The task of bringing Floop's Castle to life fell to production designer Cary White and set decorator Jeanette Scoot, who collaborated with Robert Rodriguez to create corridor after corridor of eye-dazzling improbable shapes and candied colors, all in a warehouse-converted-to-soundstage in Austin, Texas. Inside and out, the design was influenced by the audacious ornamentation, undulating curves and playfulness of famed Spanish Architect Antoni Gaudi.
"I had been influenced by the dream-like quality of Gaudi ever since I started coming up with the script," says Robert Rodriguez. "In 1996, I traveled in Barcelona where I saw a lot of Gaudi architecture and was floored by the amount of creative abandon he brought to his structures. I wanted Floop to have these same surrealistic tendencies, to be the kind of guy who takes everyday objects and reconfigures them into something outrageous. This was the concept — and it really challenged my design team to create all the fun eye candy in Floop's Castle."
Another major influence for the "Floopian" look was the unpredictable 3- dimensionality of a pop-up book. Everywhere, objects seem to literally pop out of the walls and floors — there are jigsaw puzzle windows, swooping ceilings, intricately- carved hand-shaped thrones and walls made up of optical illusions.
"Our key word to guide all the designs was 'whimsical,"' explains Jeanette Scott. "We certainly didn't want anything ordinary, but we also didn't want it anything too scary. The concept was to mix high design with 'Floopy' things that we fabricated." These included undersea light fixtures, lamps on mannequin legs, walls made of fluorescent Plexiglas furniture in bizarre geometric shapes.

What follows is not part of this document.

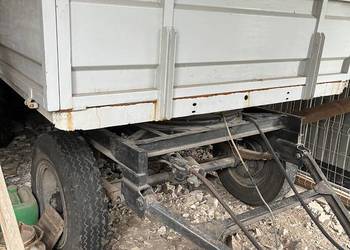 Przyczepa 4,5 t wywrotka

Production designer Cary White went to town. "I have a bit of a Peter Pan Complex so this was the perfect project for me," admits White. "Having a child's outlook was required for this one. For us, the word Floop became a verb. We'd talk in terms of having to 'Floop it up' a little because nothing Floop has is normal or straight. You'll notice that there are no straight lines anywhere in the designs. Everything has a kink or curve to it."
In Floop's Tranmogrification Room, where spies are turned into Fooglies, White used what he calls "a tubular look," filled with curving metal furniture and lab tables that seem to fit right in with the off-kilter creativity that takes place there.
Another thing the designers considered was what kind of art Floop would hang on his walls, eventually deciding on 3-D portraits that leave the audience questioning their eyes, as landscape portraits seem to literally be spilling waterfalls into the room. "It fits in with the whole theme of fooling people and playing tricks," explains Scott. "Everywhere you go there are pictures of things that might or might not be real."